Entretien avec le Dr Serge Hefez
1Le Dr Hefez est psychiatre, psychanalyste, responsable de l’unité de thérapie familiale dans le service de psychiatrie de l’enfant et de l’adolescent à l’hôpital de la Pitié-Salpêtrière de Paris. Auteur de nombreux ouvrages, notamment La danse du couple (Hachette Littératures, 2002), Quand la famille s’emmêle (Hachette, 2004), Scènes de la vie conjugale (Fayard, 2010).

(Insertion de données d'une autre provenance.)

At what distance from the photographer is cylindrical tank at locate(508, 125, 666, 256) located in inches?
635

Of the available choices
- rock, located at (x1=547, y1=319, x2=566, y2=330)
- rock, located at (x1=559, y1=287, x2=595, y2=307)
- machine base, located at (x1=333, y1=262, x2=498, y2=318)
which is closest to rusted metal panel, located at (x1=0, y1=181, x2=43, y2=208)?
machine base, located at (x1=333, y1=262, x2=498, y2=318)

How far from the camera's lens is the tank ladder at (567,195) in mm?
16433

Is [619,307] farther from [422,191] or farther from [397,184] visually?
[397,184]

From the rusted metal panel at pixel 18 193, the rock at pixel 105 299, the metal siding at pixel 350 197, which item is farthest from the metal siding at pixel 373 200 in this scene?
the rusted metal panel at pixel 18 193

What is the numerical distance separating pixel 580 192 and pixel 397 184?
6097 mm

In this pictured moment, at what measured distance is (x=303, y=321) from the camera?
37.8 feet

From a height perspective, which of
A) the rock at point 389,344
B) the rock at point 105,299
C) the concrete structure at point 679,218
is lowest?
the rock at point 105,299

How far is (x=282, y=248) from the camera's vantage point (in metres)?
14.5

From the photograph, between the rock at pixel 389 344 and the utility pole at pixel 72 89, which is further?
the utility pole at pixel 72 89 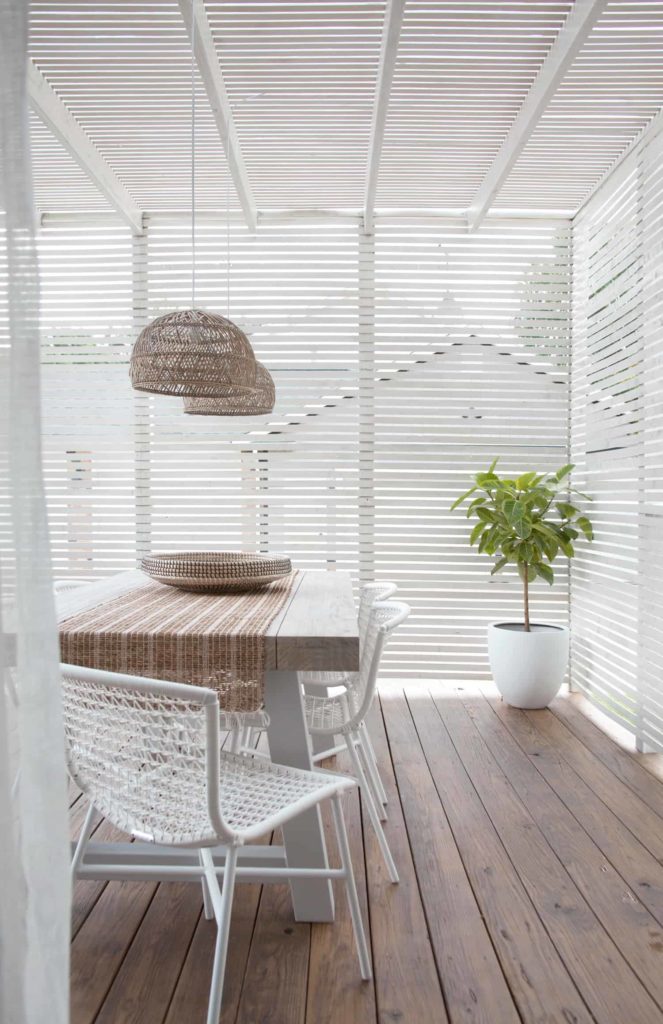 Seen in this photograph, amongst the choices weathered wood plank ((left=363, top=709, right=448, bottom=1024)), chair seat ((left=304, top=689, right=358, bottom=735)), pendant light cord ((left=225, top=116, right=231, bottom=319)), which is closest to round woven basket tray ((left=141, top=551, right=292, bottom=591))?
chair seat ((left=304, top=689, right=358, bottom=735))

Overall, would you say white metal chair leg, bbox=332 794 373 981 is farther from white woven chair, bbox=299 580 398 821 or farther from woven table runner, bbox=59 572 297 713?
white woven chair, bbox=299 580 398 821

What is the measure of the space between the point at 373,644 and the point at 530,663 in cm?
179

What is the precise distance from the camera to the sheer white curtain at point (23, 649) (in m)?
0.70

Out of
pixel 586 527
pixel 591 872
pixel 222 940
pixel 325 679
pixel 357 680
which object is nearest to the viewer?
pixel 222 940

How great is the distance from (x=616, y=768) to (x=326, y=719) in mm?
1405

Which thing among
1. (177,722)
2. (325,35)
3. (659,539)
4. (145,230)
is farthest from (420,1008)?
(145,230)

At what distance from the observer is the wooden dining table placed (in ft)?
6.16

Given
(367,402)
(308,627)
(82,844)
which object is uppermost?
(367,402)

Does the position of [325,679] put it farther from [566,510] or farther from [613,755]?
[566,510]

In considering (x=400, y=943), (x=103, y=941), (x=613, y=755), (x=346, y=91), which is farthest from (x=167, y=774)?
(x=346, y=91)

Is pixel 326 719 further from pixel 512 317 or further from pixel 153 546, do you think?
pixel 512 317

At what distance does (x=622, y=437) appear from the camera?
3645 mm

2« En thérapie de couple, qu’appelle-t-on un échec thérapeutique ? Question complexe. Si le couple reste ensemble, est-ce une réussite ? Et s’il se sépare, est-ce un échec ? La complexité de cette question réside dans le fait que nous sommes toujours face à une double demande, les deux membres du couple n’ayant pas forcément une demande identique. Dans ce cas, si la thérapie s’oriente vers la demande de l’un, elle va mécontenter l’autre, et vice versa.
3Quelle est la solution pour ce qui peut rapidement devenir une double contrainte, voire une aporie ?
4Il faut impérativement sortir de la préoccupation concernant l’amélioration personnelle de chacun des membres du couple pour se consacrer au travail sur le lien de couple, ce qui n’est pas la même chose. Ce n’est qu’en se consacrant au lien de couple que l’on parviendra éventuellement à transformer une relation douloureuse et conflictuelle en une relation viable et satisfaisante, dont l’issue peut être aussi la séparation.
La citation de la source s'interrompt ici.